The public could reasonably form the view that your relationship with your former employer may influence your work.

The employees most likely to be affected by this type of conflict of interest are those working in:

  • the immediate work area that the goods or services are being procured for
  • the procurement unit
  • any other part of the procurement process.

How to manage this conflict

If your former employer is a prospective bidder, you need to declare a conflict of interest. Your manager will develop a conflict of interest management plan in consultation with you.

The plan will set out the restrictions to be put in place to manage your conflict of interest.

This may include not being involved in:

  • awarding the contract
  • other parts of the procurement process.

Awarding the contract

The management plan will usually remove you from taking part in deciding or approving who is awarded the contract.

This means you can’t discuss the bids, provide advice or comment on the bids — even unofficially — or take part in any process to award the contract.

Other aspects of the procurement process

The risk level will determine whether or not you can take part in other parts of the procurement process.

The management plan will consider risk factors such as:

  • the nature of the relationship between you and your former employer
  • how recent or enduring the relationship is
  • your current level of seniority
  • your current level of decision-making power
  • your access to sensitive or confidential information.

Your organisation should have a framework to assess these risks.

Example: Anna, a former private sector employee

A government department has appointed Anna as the new deputy secretary heading up a division.

Her previous role was as an executive in the public service of another state. Prior to her current role, Anna was a partner in a nationwide consulting firm.

Anna wants to commission a strategic review of her division. A procurement process will need to occur.

It’s likely Anna’s previous consultancy firm will submit a bid.

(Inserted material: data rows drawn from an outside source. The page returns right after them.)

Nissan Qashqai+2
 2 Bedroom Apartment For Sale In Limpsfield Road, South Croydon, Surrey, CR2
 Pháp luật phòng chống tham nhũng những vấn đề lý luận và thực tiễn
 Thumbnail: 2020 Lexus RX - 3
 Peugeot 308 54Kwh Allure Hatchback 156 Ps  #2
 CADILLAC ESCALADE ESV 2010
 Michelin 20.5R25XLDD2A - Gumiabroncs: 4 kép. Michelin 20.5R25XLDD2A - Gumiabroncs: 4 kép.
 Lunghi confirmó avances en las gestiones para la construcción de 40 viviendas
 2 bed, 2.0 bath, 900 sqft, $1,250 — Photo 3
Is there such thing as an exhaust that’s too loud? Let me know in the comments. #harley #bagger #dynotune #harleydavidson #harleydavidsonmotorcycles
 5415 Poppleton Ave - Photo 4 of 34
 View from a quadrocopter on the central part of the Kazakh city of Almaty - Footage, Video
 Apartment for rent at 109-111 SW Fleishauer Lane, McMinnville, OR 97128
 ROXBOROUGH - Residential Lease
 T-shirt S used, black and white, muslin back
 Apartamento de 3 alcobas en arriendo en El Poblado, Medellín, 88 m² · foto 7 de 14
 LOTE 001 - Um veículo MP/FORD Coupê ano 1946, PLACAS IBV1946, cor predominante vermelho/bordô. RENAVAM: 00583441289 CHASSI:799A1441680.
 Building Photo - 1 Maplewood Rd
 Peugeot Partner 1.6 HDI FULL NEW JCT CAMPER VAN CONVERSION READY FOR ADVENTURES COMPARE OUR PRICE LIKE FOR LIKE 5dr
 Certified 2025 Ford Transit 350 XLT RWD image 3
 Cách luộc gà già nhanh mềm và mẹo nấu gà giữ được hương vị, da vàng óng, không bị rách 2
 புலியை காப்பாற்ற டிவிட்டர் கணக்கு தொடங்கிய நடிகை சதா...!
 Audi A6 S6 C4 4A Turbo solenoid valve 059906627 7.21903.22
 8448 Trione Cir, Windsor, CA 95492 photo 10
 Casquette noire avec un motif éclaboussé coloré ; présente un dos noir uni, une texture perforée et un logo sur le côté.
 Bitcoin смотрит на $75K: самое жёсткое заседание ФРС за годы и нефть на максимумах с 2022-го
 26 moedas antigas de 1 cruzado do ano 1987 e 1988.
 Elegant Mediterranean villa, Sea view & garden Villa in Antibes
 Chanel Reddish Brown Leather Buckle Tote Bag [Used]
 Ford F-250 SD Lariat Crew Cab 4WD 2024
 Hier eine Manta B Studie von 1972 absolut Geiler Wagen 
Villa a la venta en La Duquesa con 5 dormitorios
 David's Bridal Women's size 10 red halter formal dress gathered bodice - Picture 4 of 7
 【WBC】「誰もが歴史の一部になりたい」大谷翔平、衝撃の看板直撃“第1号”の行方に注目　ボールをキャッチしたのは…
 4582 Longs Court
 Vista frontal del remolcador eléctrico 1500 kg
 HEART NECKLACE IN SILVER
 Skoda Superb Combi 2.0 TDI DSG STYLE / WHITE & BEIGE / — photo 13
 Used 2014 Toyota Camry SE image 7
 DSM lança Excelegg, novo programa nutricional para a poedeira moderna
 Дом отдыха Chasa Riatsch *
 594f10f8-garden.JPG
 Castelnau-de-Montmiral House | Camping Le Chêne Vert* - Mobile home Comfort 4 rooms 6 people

Anna’s conflict of interest

Regardless of whether Anna would prefer the strategic review to be conducted by her previous firm, she has a conflict of interest.

The public could reasonably form the view that Anna’s relationship with her former employer may affect the integrity and probity of the procurement process.

Anna must declare a conflict of interest in writing.

How to manage this conflict of interest

Anna’s manager (the Secretary) will develop a management plan in consultation with Anna.

Or Anna’s manager could appoint another deputy secretary or another impartial third party (such as an independent probity adviser) to develop and oversee the plan. This person shouldn’t be a subordinate of Anna’s.

When developing the plan, Anna’s manager will consider the relevant factors. For example:

Writing and approving the tender specifications

When the tender documentation is being developed, Anna:

  • must not have input into the tender specifications except if it’s in the public interest and under the active supervision the Secretary or an impartial third party (such as another deputy secretary or an independent probity adviser)
  • must not approve the tender specifications or any ‘go-to-market’ strategy, nor can her subordinates.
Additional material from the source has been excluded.